[Source data]
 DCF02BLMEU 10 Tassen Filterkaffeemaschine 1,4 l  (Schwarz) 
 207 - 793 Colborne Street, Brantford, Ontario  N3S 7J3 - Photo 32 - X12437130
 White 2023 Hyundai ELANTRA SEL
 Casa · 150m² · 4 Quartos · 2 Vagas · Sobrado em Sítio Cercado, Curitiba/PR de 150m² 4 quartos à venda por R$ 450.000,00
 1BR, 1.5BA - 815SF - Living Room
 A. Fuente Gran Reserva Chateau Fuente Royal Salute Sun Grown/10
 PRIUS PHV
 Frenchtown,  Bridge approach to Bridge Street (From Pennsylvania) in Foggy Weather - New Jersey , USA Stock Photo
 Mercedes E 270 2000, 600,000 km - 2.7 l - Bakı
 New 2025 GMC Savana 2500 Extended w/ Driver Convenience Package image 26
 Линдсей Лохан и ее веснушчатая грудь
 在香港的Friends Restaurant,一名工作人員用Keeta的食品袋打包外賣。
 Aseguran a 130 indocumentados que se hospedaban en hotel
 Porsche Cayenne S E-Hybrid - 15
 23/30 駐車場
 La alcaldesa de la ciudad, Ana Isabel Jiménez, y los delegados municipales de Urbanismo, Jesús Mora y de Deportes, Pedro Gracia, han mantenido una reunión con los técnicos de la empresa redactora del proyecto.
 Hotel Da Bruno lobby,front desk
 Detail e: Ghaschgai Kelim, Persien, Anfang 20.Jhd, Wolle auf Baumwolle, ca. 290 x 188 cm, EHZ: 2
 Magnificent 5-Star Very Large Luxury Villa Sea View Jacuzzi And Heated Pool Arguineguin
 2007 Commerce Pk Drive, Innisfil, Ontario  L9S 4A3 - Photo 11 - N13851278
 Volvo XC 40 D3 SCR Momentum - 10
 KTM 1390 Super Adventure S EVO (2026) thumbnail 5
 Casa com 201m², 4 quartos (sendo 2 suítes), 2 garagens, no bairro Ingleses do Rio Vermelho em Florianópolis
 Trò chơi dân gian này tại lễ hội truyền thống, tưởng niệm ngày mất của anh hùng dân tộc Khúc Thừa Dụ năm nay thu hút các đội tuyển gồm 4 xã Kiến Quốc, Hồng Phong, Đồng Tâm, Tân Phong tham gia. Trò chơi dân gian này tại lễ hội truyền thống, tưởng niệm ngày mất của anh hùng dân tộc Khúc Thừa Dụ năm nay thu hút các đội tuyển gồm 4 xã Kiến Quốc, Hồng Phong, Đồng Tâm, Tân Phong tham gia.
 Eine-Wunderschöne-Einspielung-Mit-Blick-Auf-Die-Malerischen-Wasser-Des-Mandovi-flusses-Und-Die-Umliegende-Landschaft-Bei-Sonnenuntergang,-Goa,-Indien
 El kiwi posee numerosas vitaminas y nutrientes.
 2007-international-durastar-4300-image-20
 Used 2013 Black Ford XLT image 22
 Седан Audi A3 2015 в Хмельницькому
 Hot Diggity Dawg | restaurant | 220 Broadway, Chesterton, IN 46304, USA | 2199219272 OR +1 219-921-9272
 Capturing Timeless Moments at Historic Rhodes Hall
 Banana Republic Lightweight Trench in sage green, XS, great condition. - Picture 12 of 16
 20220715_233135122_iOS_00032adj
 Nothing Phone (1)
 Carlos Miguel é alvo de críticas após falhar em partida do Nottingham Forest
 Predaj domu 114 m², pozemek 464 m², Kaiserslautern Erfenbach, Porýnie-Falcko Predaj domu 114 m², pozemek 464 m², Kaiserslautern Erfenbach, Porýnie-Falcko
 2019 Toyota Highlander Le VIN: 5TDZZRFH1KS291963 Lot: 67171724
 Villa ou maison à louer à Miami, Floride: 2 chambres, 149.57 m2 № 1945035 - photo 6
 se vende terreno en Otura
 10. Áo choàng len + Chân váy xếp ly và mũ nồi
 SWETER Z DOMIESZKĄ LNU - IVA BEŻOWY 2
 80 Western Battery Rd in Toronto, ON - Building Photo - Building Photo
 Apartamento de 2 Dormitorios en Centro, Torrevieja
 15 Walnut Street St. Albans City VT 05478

> [Task instructions]:
When you reach the end of the records, set them all down again exactly.

> [Output of the exercise]:
 DCF02BLMEU 10 Tassen Filterkaffeemaschine 1,4 l  (Schwarz) 
 207 - 793 Colborne Street, Brantford, Ontario  N3S 7J3 - Photo 32 - X12437130
 White 2023 Hyundai ELANTRA SEL
 Casa · 150m² · 4 Quartos · 2 Vagas · Sobrado em Sítio Cercado, Curitiba/PR de 150m² 4 quartos à venda por R$ 450.000,00
 1BR, 1.5BA - 815SF - Living Room
 A. Fuente Gran Reserva Chateau Fuente Royal Salute Sun Grown/10
 PRIUS PHV
 Frenchtown,  Bridge approach to Bridge Street (From Pennsylvania) in Foggy Weather - New Jersey , USA Stock Photo
 Mercedes E 270 2000, 600,000 km - 2.7 l - Bakı
 New 2025 GMC Savana 2500 Extended w/ Driver Convenience Package image 26
 Линдсей Лохан и ее веснушчатая грудь
 在香港的Friends Restaurant,一名工作人員用Keeta的食品袋打包外賣。
 Aseguran a 130 indocumentados que se hospedaban en hotel
 Porsche Cayenne S E-Hybrid - 15
 23/30 駐車場
 La alcaldesa de la ciudad, Ana Isabel Jiménez, y los delegados municipales de Urbanismo, Jesús Mora y de Deportes, Pedro Gracia, han mantenido una reunión con los técnicos de la empresa redactora del proyecto.
 Hotel Da Bruno lobby,front desk
 Detail e: Ghaschgai Kelim, Persien, Anfang 20.Jhd, Wolle auf Baumwolle, ca. 290 x 188 cm, EHZ: 2
 Magnificent 5-Star Very Large Luxury Villa Sea View Jacuzzi And Heated Pool Arguineguin
 2007 Commerce Pk Drive, Innisfil, Ontario  L9S 4A3 - Photo 11 - N13851278
 Volvo XC 40 D3 SCR Momentum - 10
 KTM 1390 Super Adventure S EVO (2026) thumbnail 5
 Casa com 201m², 4 quartos (sendo 2 suítes), 2 garagens, no bairro Ingleses do Rio Vermelho em Florianópolis
 Trò chơi dân gian này tại lễ hội truyền thống, tưởng niệm ngày mất của anh hùng dân tộc Khúc Thừa Dụ năm nay thu hút các đội tuyển gồm 4 xã Kiến Quốc, Hồng Phong, Đồng Tâm, Tân Phong tham gia. Trò chơi dân gian này tại lễ hội truyền thống, tưởng niệm ngày mất của anh hùng dân tộc Khúc Thừa Dụ năm nay thu hút các đội tuyển gồm 4 xã Kiến Quốc, Hồng Phong, Đồng Tâm, Tân Phong tham gia.
 Eine-Wunderschöne-Einspielung-Mit-Blick-Auf-Die-Malerischen-Wasser-Des-Mandovi-flusses-Und-Die-Umliegende-Landschaft-Bei-Sonnenuntergang,-Goa,-Indien
 El kiwi posee numerosas vitaminas y nutrientes.
 2007-international-durastar-4300-image-20
 Used 2013 Black Ford XLT image 22
 Седан Audi A3 2015 в Хмельницькому
 Hot Diggity Dawg | restaurant | 220 Broadway, Chesterton, IN 46304, USA | 2199219272 OR +1 219-921-9272
 Capturing Timeless Moments at Historic Rhodes Hall
 Banana Republic Lightweight Trench in sage green, XS, great condition. - Picture 12 of 16
 20220715_233135122_iOS_00032adj
 Nothing Phone (1)
 Carlos Miguel é alvo de críticas após falhar em partida do Nottingham Forest
 Predaj domu 114 m², pozemek 464 m², Kaiserslautern Erfenbach, Porýnie-Falcko Predaj domu 114 m², pozemek 464 m², Kaiserslautern Erfenbach, Porýnie-Falcko
 2019 Toyota Highlander Le VIN: 5TDZZRFH1KS291963 Lot: 67171724
 Villa ou maison à louer à Miami, Floride: 2 chambres, 149.57 m2 № 1945035 - photo 6
 se vende terreno en Otura
 10. Áo choàng len + Chân váy xếp ly và mũ nồi
 SWETER Z DOMIESZKĄ LNU - IVA BEŻOWY 2
 80 Western Battery Rd in Toronto, ON - Building Photo - Building Photo
 Apartamento de 2 Dormitorios en Centro, Torrevieja
 15 Walnut Street St. Albans City VT 05478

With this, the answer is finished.